*** Opening Input material ***
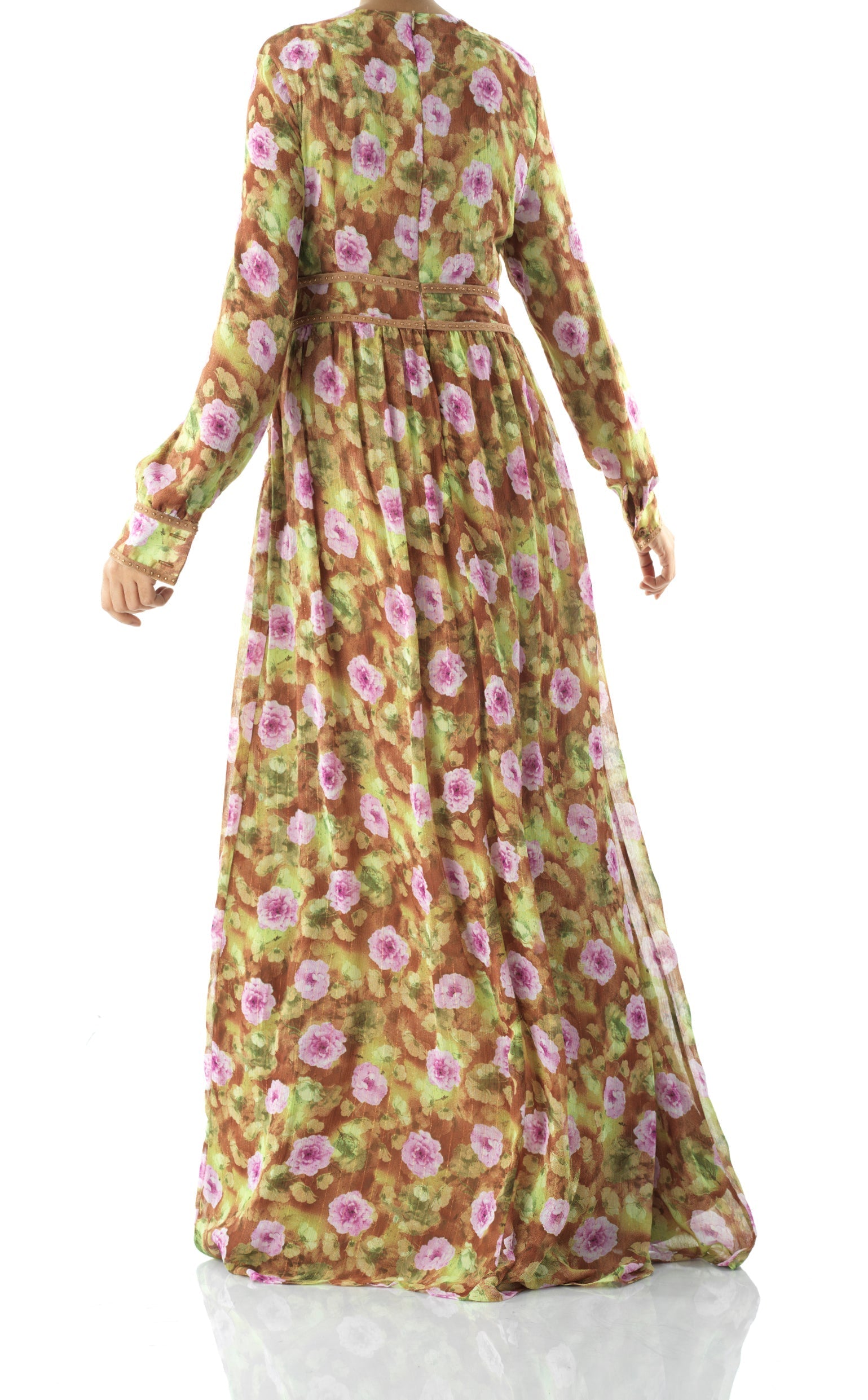 Rana peony print silk chiffon maxi dress Kabayare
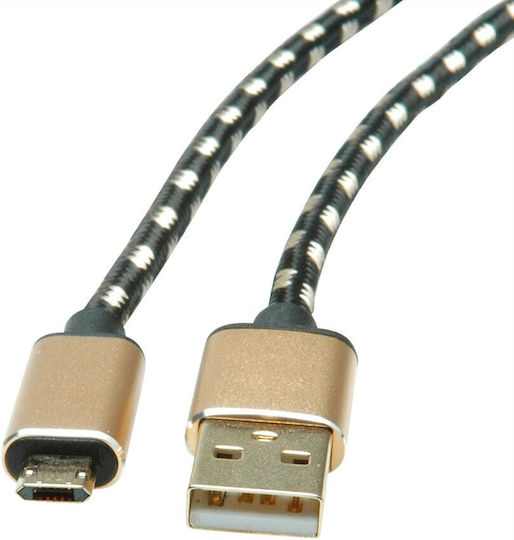 Roline Regular USB 2.0 spre micro USB Cablu Auriu 1.8m 1buc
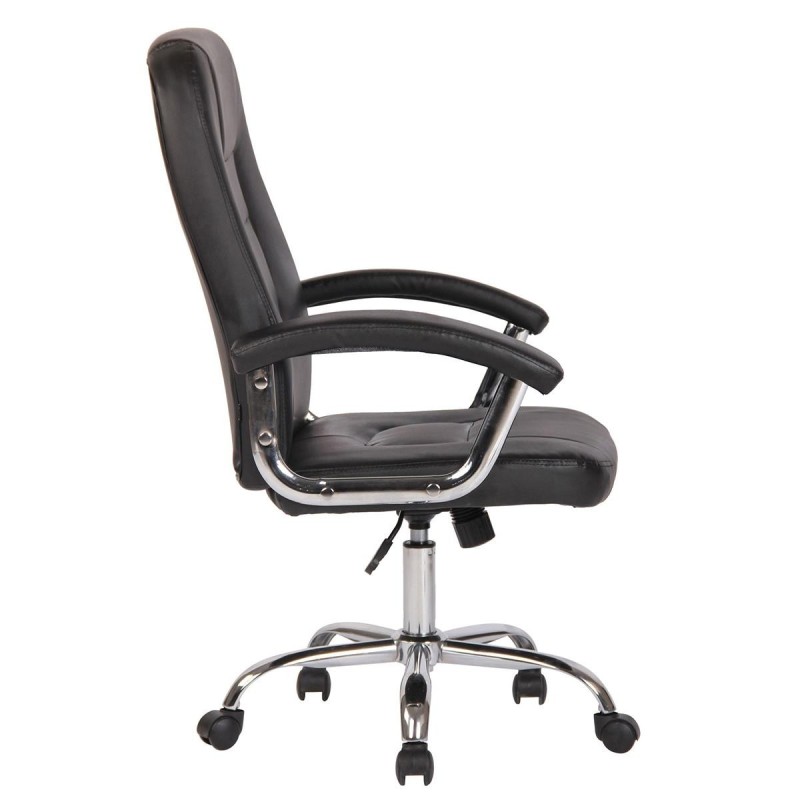 Silla de oficina TRAVIS, grueso acolchado, en piel color negro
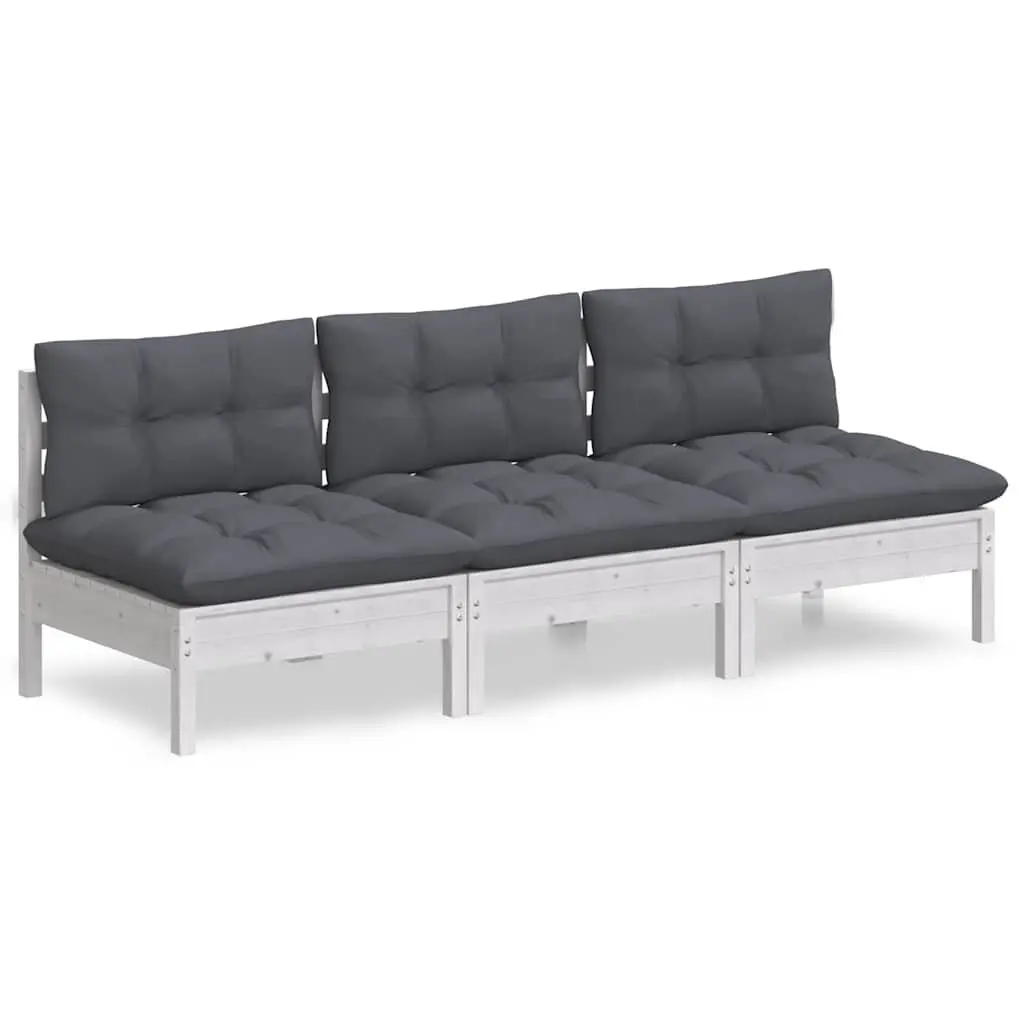 3-Seater Garden Sofa Outdoor Patio Seating Modular Lounge White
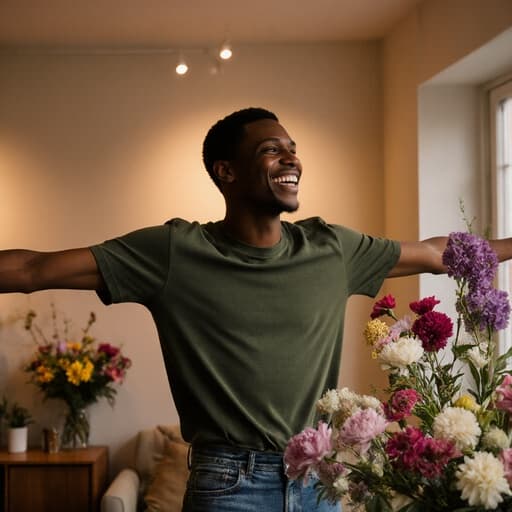 10대 후반의 아프리카계 남성이 자연스러운 외모로, 편안한 티셔츠와 청바지를 입고 미소를 지으며 팔을 스트레칭하며 아름다운 꽃꽂이를 감상하고 있는 반신 촬영 이미지입니다. 따뜻한 조명이 비추는 아늑한 화훼점 내부에서 다양한 색깔의 꽃들이 진열되어 있어 장면의 즐겁고 생기 넘치는 분위기를 강조합니다.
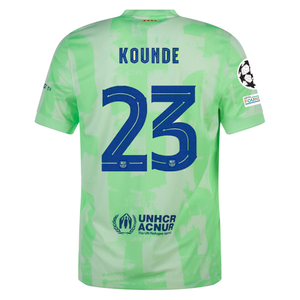 Nike Barcelona Jules Koundé Third Jersey w/ Champions League Patches 24/25 (Barely Volt/Old Royal)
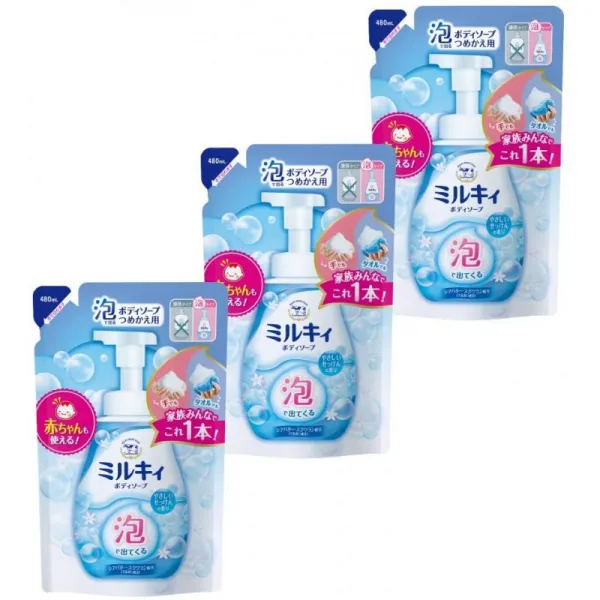 거품이 나온 미루키 보디 로션을 부드럽게 비누의 향기 힐체에 볼일 480ml× 3개 미루키 보디 로션 통판, 1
*** Closing Input material ***
• [Exercise instructions] From the line containing "Silla de oficina" down to the last line of the data, print every line exactly and nothing else. Pictures stay out of the copy.

• [Task solution]
 Silla de oficina TRAVIS, grueso acolchado, en piel color negro
 3-Seater Garden Sofa Outdoor Patio Seating Modular Lounge White
 10대 후반의 아프리카계 남성이 자연스러운 외모로, 편안한 티셔츠와 청바지를 입고 미소를 지으며 팔을 스트레칭하며 아름다운 꽃꽂이를 감상하고 있는 반신 촬영 이미지입니다. 따뜻한 조명이 비추는 아늑한 화훼점 내부에서 다양한 색깔의 꽃들이 진열되어 있어 장면의 즐겁고 생기 넘치는 분위기를 강조합니다.
 Nike Barcelona Jules Koundé Third Jersey w/ Champions League Patches 24/25 (Barely Volt/Old Royal)
 거품이 나온 미루키 보디 로션을 부드럽게 비누의 향기 힐체에 볼일 480ml× 3개 미루키 보디 로션 통판, 1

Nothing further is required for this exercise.